Mr. Nadella’s Tuesday appearance in Los Angeles was yet another in a long list of signals that the Redmond, Washington-based tech giant is adamant to continue pursuing advancements in AI technologies and their applications. The company revamped its general corporate strategy in recent times and almost entirely dropped the idea of participating in the smartphone segment as a major ecosystem provider, which is a move that was already projected when Windows Phone was essentially discontinued and Mr. Nadella himself revealed that he never would have approved the acquisition of Nokia which went through while Steve Ballmer was still heading Microsoft. Going forward, Microsoft will shift its resources to cloud services and related AI solutions, particularly those aimed at the enterprise segment, in addition to pursuing quantum computing and mixed reality technologies, the company previously suggested.

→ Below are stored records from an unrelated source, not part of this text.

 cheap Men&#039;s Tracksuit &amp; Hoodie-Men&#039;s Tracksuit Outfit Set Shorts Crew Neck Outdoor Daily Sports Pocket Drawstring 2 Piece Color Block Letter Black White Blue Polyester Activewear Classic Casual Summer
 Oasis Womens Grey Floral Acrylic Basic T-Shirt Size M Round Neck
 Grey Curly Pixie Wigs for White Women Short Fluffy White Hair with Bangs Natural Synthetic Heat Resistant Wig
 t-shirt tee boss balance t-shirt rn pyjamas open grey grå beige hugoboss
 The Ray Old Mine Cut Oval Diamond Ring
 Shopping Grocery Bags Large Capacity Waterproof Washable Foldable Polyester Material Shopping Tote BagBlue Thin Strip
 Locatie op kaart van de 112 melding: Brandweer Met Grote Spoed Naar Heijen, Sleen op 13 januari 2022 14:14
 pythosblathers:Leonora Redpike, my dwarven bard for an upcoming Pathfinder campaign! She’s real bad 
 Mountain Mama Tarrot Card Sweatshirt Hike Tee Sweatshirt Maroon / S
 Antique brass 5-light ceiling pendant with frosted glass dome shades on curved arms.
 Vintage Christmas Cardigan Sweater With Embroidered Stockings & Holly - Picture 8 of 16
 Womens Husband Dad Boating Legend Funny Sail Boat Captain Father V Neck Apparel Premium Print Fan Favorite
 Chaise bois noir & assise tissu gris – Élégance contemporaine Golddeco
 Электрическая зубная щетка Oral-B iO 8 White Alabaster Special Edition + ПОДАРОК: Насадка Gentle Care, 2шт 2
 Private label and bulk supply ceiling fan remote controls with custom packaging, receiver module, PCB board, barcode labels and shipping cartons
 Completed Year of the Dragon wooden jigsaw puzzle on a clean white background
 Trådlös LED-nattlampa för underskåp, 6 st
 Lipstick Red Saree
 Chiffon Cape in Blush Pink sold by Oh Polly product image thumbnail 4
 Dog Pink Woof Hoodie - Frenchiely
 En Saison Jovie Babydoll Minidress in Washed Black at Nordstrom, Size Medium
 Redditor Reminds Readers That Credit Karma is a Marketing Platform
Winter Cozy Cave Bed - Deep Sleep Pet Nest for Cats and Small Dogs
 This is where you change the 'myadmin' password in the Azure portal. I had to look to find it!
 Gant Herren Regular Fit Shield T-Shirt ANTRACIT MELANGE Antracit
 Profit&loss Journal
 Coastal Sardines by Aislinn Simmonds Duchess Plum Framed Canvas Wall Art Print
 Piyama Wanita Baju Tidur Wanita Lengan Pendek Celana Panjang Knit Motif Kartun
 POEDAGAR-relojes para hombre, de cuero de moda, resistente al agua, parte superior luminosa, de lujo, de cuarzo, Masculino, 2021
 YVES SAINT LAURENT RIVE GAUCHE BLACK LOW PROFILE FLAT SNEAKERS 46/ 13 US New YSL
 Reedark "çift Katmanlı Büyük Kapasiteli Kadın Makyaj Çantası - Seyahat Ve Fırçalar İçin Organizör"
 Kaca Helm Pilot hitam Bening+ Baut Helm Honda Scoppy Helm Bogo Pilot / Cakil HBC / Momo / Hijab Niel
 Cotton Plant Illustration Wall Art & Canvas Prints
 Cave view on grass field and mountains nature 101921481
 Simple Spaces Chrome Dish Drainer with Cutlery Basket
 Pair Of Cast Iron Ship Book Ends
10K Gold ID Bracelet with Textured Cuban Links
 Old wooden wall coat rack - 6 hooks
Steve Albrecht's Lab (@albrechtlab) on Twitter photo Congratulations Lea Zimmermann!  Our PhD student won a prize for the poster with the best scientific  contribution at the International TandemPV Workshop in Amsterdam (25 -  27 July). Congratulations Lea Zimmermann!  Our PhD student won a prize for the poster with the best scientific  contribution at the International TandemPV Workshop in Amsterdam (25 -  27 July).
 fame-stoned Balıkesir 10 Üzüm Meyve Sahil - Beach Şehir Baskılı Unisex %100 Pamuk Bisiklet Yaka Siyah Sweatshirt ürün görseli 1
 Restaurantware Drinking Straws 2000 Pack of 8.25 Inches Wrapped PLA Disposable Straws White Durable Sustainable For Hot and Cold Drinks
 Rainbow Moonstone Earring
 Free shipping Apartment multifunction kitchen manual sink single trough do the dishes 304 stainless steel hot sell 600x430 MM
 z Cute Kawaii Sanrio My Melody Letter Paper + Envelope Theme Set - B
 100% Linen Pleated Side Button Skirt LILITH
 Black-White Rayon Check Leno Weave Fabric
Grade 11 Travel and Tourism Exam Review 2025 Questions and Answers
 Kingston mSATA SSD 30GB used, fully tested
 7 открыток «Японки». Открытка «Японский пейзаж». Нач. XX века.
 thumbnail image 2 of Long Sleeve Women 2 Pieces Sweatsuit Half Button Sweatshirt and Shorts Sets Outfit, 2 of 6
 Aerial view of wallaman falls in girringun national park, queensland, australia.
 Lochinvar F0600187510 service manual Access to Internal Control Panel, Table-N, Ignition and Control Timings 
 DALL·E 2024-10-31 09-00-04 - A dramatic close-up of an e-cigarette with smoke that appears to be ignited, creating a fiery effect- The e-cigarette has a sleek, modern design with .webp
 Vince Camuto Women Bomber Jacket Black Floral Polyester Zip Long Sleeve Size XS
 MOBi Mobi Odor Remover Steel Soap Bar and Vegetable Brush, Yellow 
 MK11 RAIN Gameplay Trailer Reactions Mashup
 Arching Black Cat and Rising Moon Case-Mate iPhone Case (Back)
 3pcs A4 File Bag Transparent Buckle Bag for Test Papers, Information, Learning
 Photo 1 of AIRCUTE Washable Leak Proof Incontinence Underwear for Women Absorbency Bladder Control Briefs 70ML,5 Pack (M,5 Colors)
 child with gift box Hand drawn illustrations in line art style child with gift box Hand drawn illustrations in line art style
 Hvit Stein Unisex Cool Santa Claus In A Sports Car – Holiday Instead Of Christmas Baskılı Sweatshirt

While the tech giant is positioning itself as one of the leaders in the rapidly growing AI segment, Mr. Nadella sees the technology as being largely collaborative in nature and believes that humanity must strive to work together on AI instead of fragmentizing its research and development. Such an approach could not only facilitate related advancements but allow top experts around the world to have constant oversight over the technology that some industry watchers are afraid could eventually turn against humans.